[Problem to solve] Could you set down exactly the lines in the records below between the line holding "Llanelli Star Thursday" and the line holding "538 Corrine PL, Waskom, TX 75692", inclusive?

Given records section start

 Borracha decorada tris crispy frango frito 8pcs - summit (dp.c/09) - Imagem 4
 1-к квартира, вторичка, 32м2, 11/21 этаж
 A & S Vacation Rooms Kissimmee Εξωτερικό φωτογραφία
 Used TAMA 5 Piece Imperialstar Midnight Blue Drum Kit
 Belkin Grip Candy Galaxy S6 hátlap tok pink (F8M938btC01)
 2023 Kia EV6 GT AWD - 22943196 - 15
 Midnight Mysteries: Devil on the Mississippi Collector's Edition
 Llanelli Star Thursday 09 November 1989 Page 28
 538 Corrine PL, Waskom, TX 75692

Given records section end
Given records section start

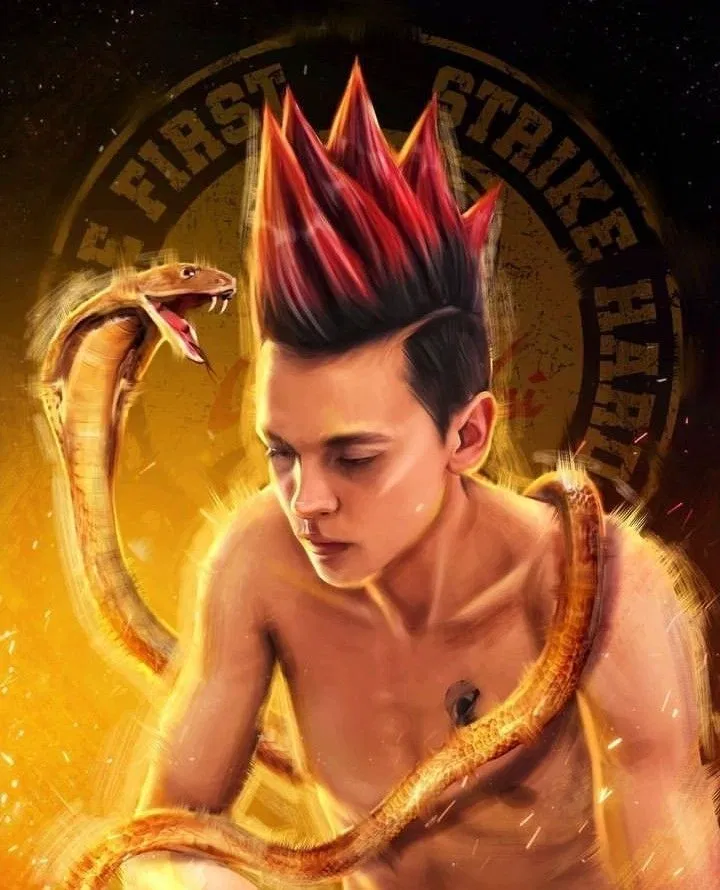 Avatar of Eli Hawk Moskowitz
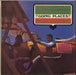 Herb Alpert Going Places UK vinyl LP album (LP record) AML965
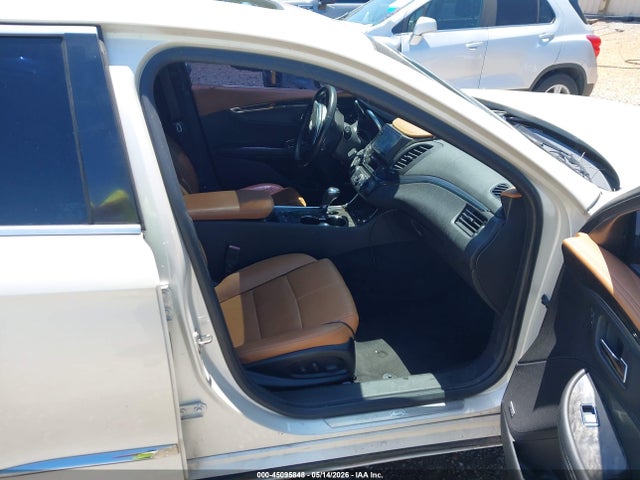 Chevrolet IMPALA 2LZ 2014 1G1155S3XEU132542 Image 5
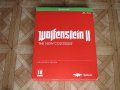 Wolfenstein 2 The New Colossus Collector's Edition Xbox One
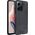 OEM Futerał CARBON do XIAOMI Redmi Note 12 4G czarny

Given records section end

[Exercise result]
 Llanelli Star Thursday 09 November 1989 Page 28
 538 Corrine PL, Waskom, TX 75692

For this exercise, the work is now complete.